*Material provided:*
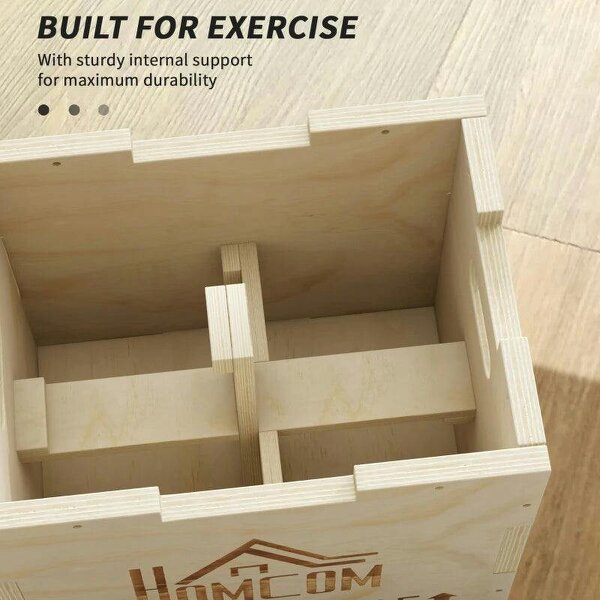3-in-1 Wooden Plyo Box, Plyometric Jump Box with Handle Openings for Home Gym, 12" x 14" x 16", Natural
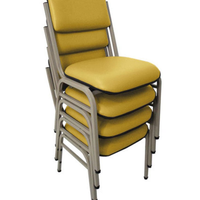 Kit com 4 Cadeiras para Auditórios Linha Hotel Smart Amarelo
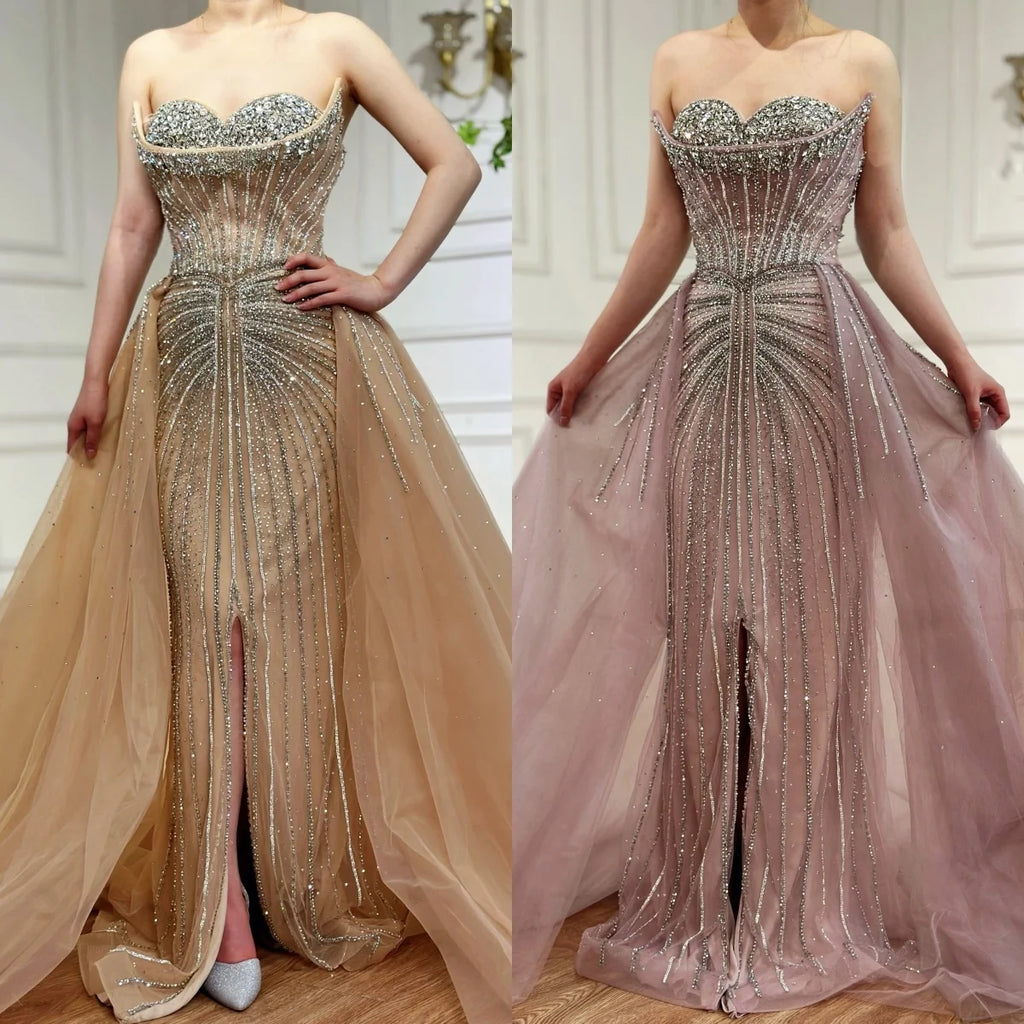 Serene Hill Customized 2025 Pink Crystal Beaded Saudi Mermaid Evening Dresses Gowns with Overskirt for Formal Occasion DLA72811
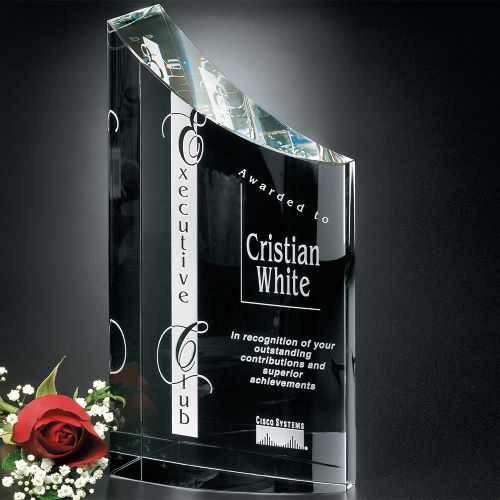 Pacifico Crystal Corporate Award | Engraved Corporate Award - 6, 8, 10 or 12 Inch Tall Decade Awards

*Exercise description:*
An exact transcription of the material is required, without any pictures.

*Completed exercise:*
3-in-1 Wooden Plyo Box, Plyometric Jump Box with Handle Openings for Home Gym, 12" x 14" x 16", Natural
 Kit com 4 Cadeiras para Auditórios Linha Hotel Smart Amarelo
 Serene Hill Customized 2025 Pink Crystal Beaded Saudi Mermaid Evening Dresses Gowns with Overskirt for Formal Occasion DLA72811
 Pacifico Crystal Corporate Award | Engraved Corporate Award - 6, 8, 10 or 12 Inch Tall Decade Awards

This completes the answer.